Bundesaußenminister Johann Wadephul (CDU) hingegen wiederholte die Aussage, die G7-Staaten seien »weiterhin bestrebt, die Ukraine zu unterstützen«. Allerdings werden die Hinweise auf finanzielle und rechtliche Schwierigkeiten deutlicher. EU-Kommissar Valdis Dombrovskis sagte in Brüssel am Mittwoch, die EU und der Internationale Währungsfonds seien nicht in der Lage, der Ukraine weitere kommerzielle Kredite zur Verfügung zu stellen. Das liege an der fehlenden Kreditwürdigkeit des Landes. Die einzige Möglichkeit sei ein Zugriff auf in Belgien eingefrorenes russisches Staatsvermögen. Gegen eine solche Möglichkeit wehrt sich aber nicht nur Belgien als Sitzland der Finanzinstitution Euroclear. Auch US-Außenminister Rubio warnte vor einer Beschlagnahmung russischer Zentralbankguthaben wegen der »unvorhersehbaren Folgen« eines solchen Schritts.
Unterdessen zieht in der Ukraine der Anfang der Woche aufgeflogene Korruptionsskandal weitere Kreise. Ministerpräsidentin Julija Swiridenko entließ zwei hochrangige Manager des staatlichen AKW-Betreibers Energoatom, darunter den deutschen Vizepräsidenten der Firma, Jakob Hartmut. Michail Zukerman, einer der vor möglichen Ermittlungen ins Ausland geflohenen Mitarbeiter von Timur Minditsch, erklärte gegenüber dem US-Sender Radio Liberty, dass alle Vorwürfe gegen ihn, seinen Bruder Olexander und Minditsch »aus den Fingern gesogene Lügen« seien. Minditsch ist ein enger ehemaliger Partner des ukrainischen Präsidenten Wolodimir Selenskij und steht im Zentrum der Korruptionsaffäre.

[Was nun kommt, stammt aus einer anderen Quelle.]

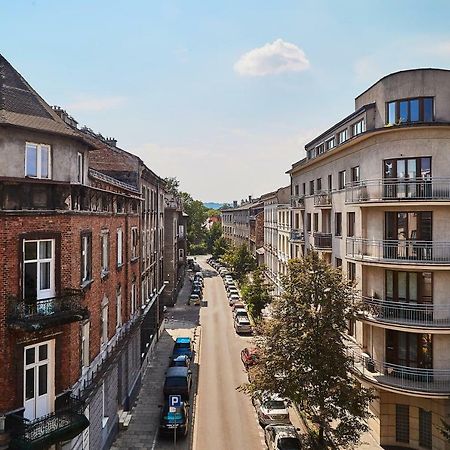 Green Yard Apartment Krowoderska Street Cracóvia Exterior foto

Selenskij versuchte am Mittwoch, von dem Skandal durch einen Truppenbesuch an der Front abzulenken. Er besichtigte die Stellungen bei Orichiw im Gebiet Saporischschija. Dort hält die Ukraine ihre Positionen, aber sowohl östlich als auch westlich davon droht der Armee die Umfassung durch russische Angriffsspitzen. Selenskij äußerte sich auch zur Lage in Pokrowsk. Er stellte den Kommandeuren an der Front frei, den Rückzug zu befehlen, wenn es ihnen nötig erscheine. Es lohne nicht, das Leben ukrainischer Soldaten für Ruinen zu riskieren. Im Unterschied zu Selenskij erklärte Oberbefehlshaber Olexander Sirskij, die Lage in Pokrowsk sei unter Kontrolle, und die ukrainischen Truppen seien mitnichten eingeschlossen. Unabhängige Bestätigungen dieser Aussage Sirskijs liegen nicht vor, die Mehrzahl der Frontkorrespondenten berichtet das Gegenteil. Am Donnerstag meldete das russische Verteidigungsministerium in Moskau zudem die Einnahme von zwei weiteren ukrainischen Ortschaften: Sinelnikowe in der Region Charkiw und Daniliwka in der Region Dnipropetrowsk.
Unterdessen hat Moskau nach eigenen Angaben einen britischen Versuch zurückgewiesen, einen informellen Gesprächskanal ins russische Außenministerium aufzubauen. Präsidialamtssprecher Dmitri Peskow sagte einem Bericht des prowestlichen Kyiv Independent zufolge, der nationale Sicherheitsberater von Premierminister Keir Starmer, Jonathan Powell, habe vor kurzem versucht, telefonisch Kontakt zum russischen Vizeaußenminister Sergej Rjabkow aufzunehmen. Das Gespräch sei aber unproduktiv verlaufen, weil Powell »die russischen Argumente nicht zur Kenntnis genommen« habe. Der russische Geheimdienst FSB hatte seinem britischen Gegenpart MI6 jüngst vorgeworfen, die Entführung eines russischen Kampfjets mit Hyperschallraketen des Typs »Kinschal« geplant zu haben. Das Flugzeug habe anschließend für eine False-Flag-Operation auf NATO-Gebiet verwendet werden sollen. Die Aussage des FSB ist in der Sache nicht zu überprüfen, aber sie stellt implizit ein weiteres Dementi russischer Angriffspläne auf NATO-Staaten dar.